=== Section Start ===

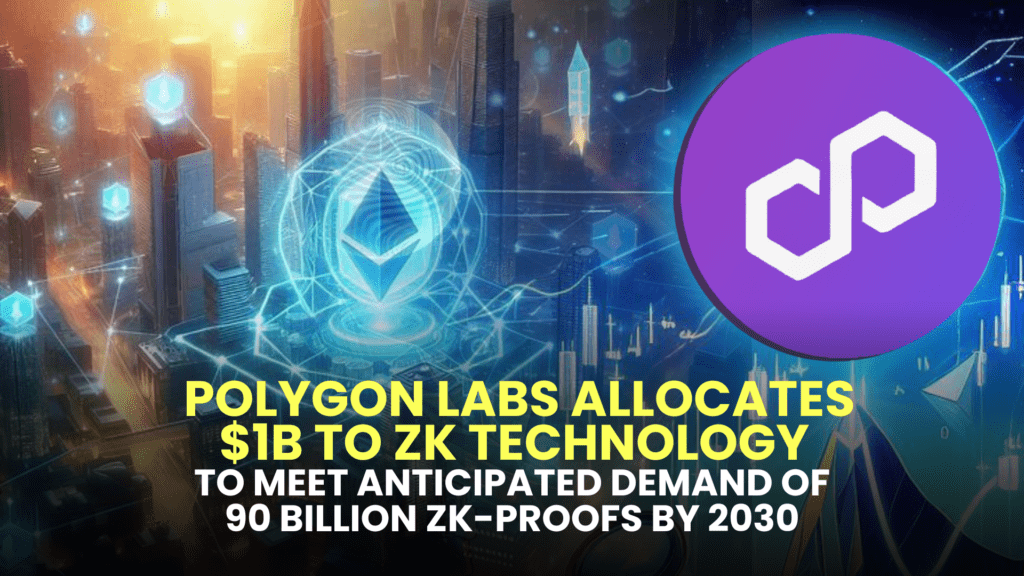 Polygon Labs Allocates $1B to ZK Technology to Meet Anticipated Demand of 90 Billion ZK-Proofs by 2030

=== Section End ===
=== Section Start ===

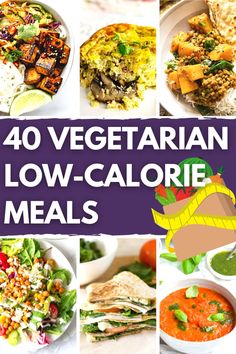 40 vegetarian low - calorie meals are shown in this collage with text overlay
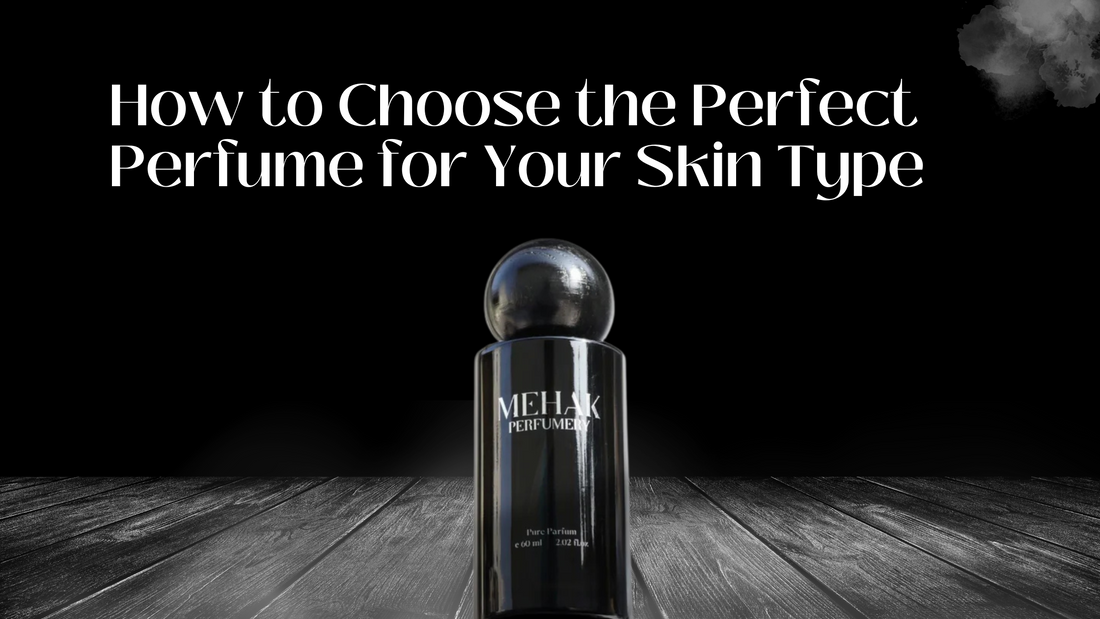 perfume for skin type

=== Section End ===

▶ _What the exercise asks_
Reproduce word for word, with pictures dropped, only the part of the material above that opens with the line containing "40 vegetarian low" and closes with the line containing "perfume for skin type".

▶ _Result_
 40 vegetarian low - calorie meals are shown in this collage with text overlay
 perfume for skin type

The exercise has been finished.